Aim: The overall aim of these projects is to analyze real-world data. The specific objectives are:
- To sample two sets of data from the real-world.
- To summarize each set of data statistically.
- To perform statistical chi-square tests on each set of data.
- To describe the above steps, data, and results in a report.
On the cover of each Project Part report, please transcribe the following statement:
“I _________________ did not give or receive any assistance on this project, and the report submitted is wholly my own.”
Write your name in the blank and sign below it. You may use an electronic signature, such as Adobe Sign.
Tasks for Part 1
Data Collection: Students will collect two sets of data from the real world. Set 1 will be collected from a large number of observations (at least 100) for a continuous random variable from a population that is suspected to be Normally distributed. Examples of such data include the body weight of adult males, the circumferences of oranges, the extension length of rubber bands at the point at which they burst, etc. Set 2 will be the inter-arrival time of a sequence of 100 or more events. First, record the actual clock time (to the nearest second, e.g. 2:43:18pm) of each of at least 100 consecutive events, such as the actual time that a customer enters the post office. Then, determine the interval between occurrences by taking the difference between successive event times. Consequently, Set 2 will comprise of at least 99 inter-arrival times. You may use ‘second’ as a unit of time.

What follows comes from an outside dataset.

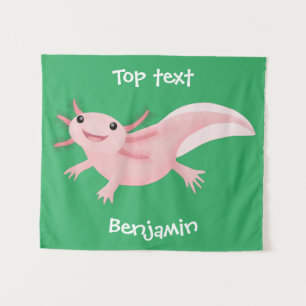 Cute roze happy axolotl wandkleed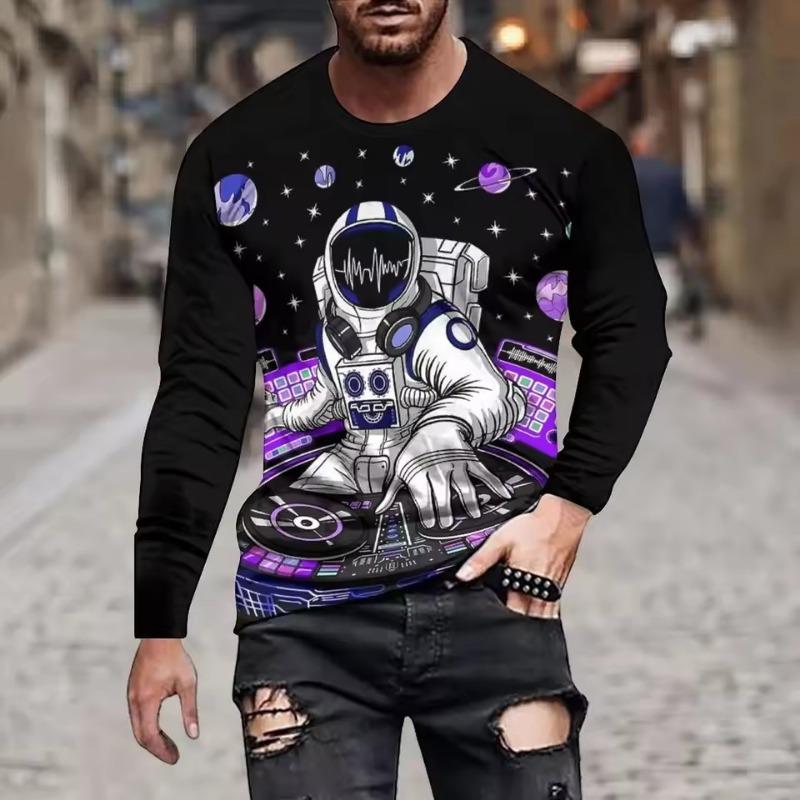 Street Personality Fashion Astronaut Fun Summer Men 3d Printed Crew Neck Long Sleeve Sleeve T-Shirt Loose Casual Clothing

Descriptive Statistics: For both Sets 1 and 2, use software to do the following:
- Calculate the sample mean and sample standard deviation.
- Calculate the quartiles Q1, Q2, and Q3.
- Construct a box-and-whisker plot.
- Construct a frequency table.
- Construct a frequency histogram.
Report: The project report is to be typewritten in clear English with complete sentences. Be sure to define all notations and include descriptions of all tables and figures in the text. To improve your writing, you should consider taking your report to the UTA Writing Center. Your report should include a cover page, the following sections, and two appendices:
- Data. Describe the data collection process for Sets 1 and 2 with enough detail that the reader could replicate the process. Appendices I and II should include tables of your raw data for Sets 1 and 2, respectively. The raw data for Set 2 should consist of the recorded actual clock times.
- Descriptive Statistics: Include and explain your descriptive statistics analysis. Interpret the results of the analysis using your data application topic. Does Set 1 appear to follow a Normal Distribution? Does Set 2 appear to follow an Exponential Distribution?
Tasks for Part II
Chi-Square Goodness-of-Fit Test: Using a Chi-Square Goodness of Fit Test with a significance level of 0.05, test the hypothesis that Set 1 is sampled from a Normal Distribution with a population mean equal to the sample mean and a population standard deviation equal to the sample standard deviation. Similarly, test the hypothesis with a significance level of 0.05 that Set 2 is sampled from an Exponential Distribution with a population mean equal to the sample mean. For each test, start with the data classes from your histogram and merge them to ensure each class has a sufficient number of observations. Then, for each data class, calculate the following:
- Numbers of observations in the data.
- Class probability.
- Class expected value.
- Chi-square component values.
Finally, for each test, calculate the chi-square value, describe the degrees of freedom, and explain your conclusion.
EXAMPLE SETUP
Class | Observed Frequency (o_{i}) | Class Probability | Expected Frequency (e_{i}) | c^{2} Class Component |
X ≤ 2 | Count observations based on your collected data. | Calculate using the assumed probability distribution. | For each class, take its probability and multiply by n. | |
2 < X ≤ 7 | ||||
7 < X ≤ 12 | ||||
X > 12 | ||||
Total | n | 1.0 | n | c^{2} statistic |
Report: The project report is to be typewritten in clear English with complete sentences. Be sure to define all notations and include descriptions of all tables and figures in the text. To improve your writing, you should consider taking your report to the UTA Writing Center. Your report should include a cover page and the following additional section:
Goodness-of-Fit Tests: Describe the chi-square tests with tables for the calculated values and clearly stated conclusions. Show the Excel formulas for your table calculations in an Appendix.